## Supplied information
━━━━━━━━━━━━━━━━
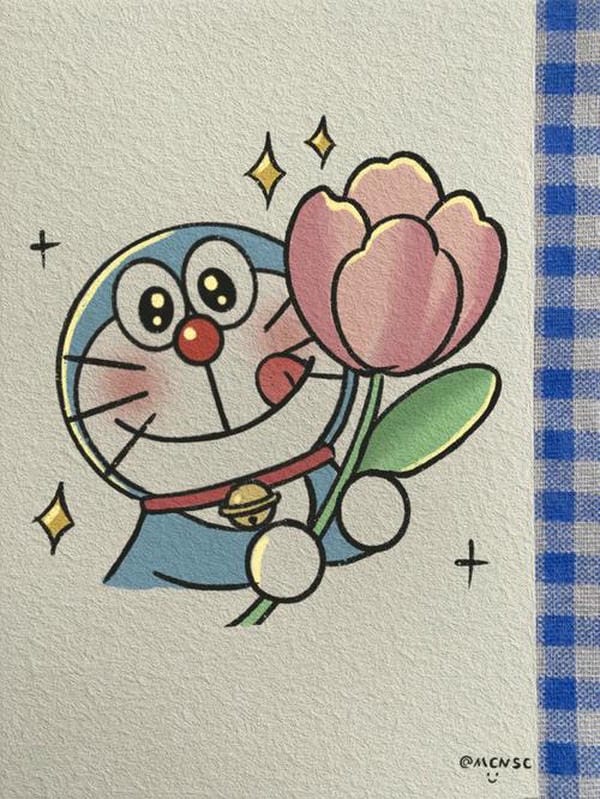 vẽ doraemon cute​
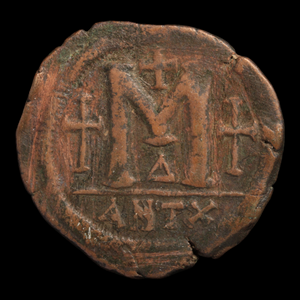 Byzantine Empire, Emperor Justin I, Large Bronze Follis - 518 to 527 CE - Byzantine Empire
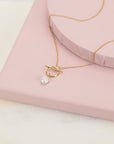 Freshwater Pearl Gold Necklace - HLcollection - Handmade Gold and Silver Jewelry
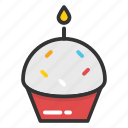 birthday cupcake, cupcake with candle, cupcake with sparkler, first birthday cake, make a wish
━━━━━━━━━━━━━━━━
All that is needed is the data above, repeated exactly, without the pictures.

 vẽ doraemon cute​
 Byzantine Empire, Emperor Justin I, Large Bronze Follis - 518 to 527 CE - Byzantine Empire
 Freshwater Pearl Gold Necklace - HLcollection - Handmade Gold and Silver Jewelry
 birthday cupcake, cupcake with candle, cupcake with sparkler, first birthday cake, make a wish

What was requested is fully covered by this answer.